The asset pipeline is implemented by the sprockets-rails gem, and is enabled by default.

You can disable it while creating a new application by passing the --skip-sprockets option. This will generate a config/application.rb with a require to sprockets commented out.

Main features

  1. Concatenate assets into master (.js, .css) files and name them with a SHA256 hash to keep tracking of content changes, improving browser caching management.
  2. Minification or compression.
  3. Preprocessing: SASS->CSS, CoffeScript->Javascript, ERB for both.

How to

Assets placed in app/assets will be served thru sprockets, except in production, where assets are precompiled to public/assets to be served as static files.

Assets placed directly in public will be served by the app as static files (not processed) when config.public_file_server.enabled = true. In production this setting is set to false because it's the web server (not the app) that should serve static files.

Controller-Scoped Assets

Disable it with:

config.generators do |g|
  g.assets false
end

Organization

  1. app/assets stores assets owned by your application.

  2. lib/assets stores your own libraries' code that doesn't really fit into the scope of the application or those libraries which are shared across applications.

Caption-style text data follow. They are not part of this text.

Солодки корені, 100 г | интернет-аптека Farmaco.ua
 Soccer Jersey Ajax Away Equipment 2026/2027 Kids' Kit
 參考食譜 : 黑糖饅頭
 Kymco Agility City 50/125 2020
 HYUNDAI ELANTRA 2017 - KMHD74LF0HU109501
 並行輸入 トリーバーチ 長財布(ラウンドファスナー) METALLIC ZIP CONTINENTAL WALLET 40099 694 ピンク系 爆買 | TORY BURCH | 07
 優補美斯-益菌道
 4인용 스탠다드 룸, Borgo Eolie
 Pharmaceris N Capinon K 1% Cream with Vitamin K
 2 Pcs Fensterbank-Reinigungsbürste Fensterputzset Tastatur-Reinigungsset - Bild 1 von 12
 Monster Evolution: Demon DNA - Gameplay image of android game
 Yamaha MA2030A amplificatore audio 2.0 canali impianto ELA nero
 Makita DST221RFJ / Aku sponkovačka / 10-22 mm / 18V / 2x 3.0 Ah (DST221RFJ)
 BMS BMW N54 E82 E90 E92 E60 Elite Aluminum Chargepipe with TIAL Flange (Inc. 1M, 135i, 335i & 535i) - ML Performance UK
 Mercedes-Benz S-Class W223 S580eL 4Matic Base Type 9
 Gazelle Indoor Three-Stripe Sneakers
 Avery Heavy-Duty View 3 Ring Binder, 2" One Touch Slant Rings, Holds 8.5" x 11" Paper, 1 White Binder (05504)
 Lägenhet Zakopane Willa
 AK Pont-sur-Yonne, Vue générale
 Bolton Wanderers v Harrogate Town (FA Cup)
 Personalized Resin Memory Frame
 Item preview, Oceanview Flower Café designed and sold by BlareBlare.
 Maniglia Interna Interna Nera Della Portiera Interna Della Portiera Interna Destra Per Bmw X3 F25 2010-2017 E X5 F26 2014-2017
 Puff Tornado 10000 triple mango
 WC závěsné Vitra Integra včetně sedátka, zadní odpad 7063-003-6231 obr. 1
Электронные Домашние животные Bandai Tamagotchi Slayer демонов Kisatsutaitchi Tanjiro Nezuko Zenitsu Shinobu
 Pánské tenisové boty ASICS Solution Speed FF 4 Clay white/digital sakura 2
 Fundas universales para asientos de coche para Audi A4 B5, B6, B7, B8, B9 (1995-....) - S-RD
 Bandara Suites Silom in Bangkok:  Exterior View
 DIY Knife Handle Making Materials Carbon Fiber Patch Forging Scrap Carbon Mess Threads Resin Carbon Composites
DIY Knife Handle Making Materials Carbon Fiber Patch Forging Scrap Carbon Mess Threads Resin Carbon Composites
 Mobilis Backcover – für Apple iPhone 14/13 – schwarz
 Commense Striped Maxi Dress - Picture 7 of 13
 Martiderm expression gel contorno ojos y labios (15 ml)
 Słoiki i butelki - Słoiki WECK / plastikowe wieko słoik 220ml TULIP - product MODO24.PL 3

  3. vendor/assets is for assets that are owned by outside entities, such as code for JavaScript plugins and CSS frameworks. Keep in mind that third party code with references to other files also processed by the asset Pipeline (images, stylesheets, etc.), will need to be rewritten to use helpers like asset_path.

Search paths

When a file is referenced from a manifest or a helper, Sprockets searches any direct subdirectory of all 3 assets directories (default directories are images, javascripts and stylesheets).

//= require home       # => app/assets/javascripts/home.js
//= require moovinator # => lib/assets/javascripts/moovinator.js
//= require slider     # => vendor/assets/javascripts/slider.js
//= require phonebox   # => vendor/assets/somepackage/phonebox.js

Subdirectories can be found with:

//= require sub/hello   # => vendor/assets/javascripts/sub/hello.js

You can view the search path by inspecting Rails.application.config.assets.paths in the Rails console.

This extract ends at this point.